*What you should do*.
Copy every line from the one containing "Vintage Cushion Ribbed" through the last line of the records below, both included, and nothing else.

*Records*.
▬▬▬▬▬▬

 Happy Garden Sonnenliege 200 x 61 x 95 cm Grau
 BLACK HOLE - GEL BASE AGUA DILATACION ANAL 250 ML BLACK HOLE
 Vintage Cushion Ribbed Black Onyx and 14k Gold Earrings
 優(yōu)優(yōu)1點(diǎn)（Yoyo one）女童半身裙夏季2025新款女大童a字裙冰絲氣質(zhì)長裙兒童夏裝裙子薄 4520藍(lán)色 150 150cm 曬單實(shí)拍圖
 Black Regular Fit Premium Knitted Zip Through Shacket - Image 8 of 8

▬▬▬▬▬▬

*Problem solution*.
 Vintage Cushion Ribbed Black Onyx and 14k Gold Earrings
 優(yōu)優(yōu)1點(diǎn)（Yoyo one）女童半身裙夏季2025新款女大童a字裙冰絲氣質(zhì)長裙兒童夏裝裙子薄 4520藍(lán)色 150 150cm 曬單實(shí)拍圖
 Black Regular Fit Premium Knitted Zip Through Shacket - Image 8 of 8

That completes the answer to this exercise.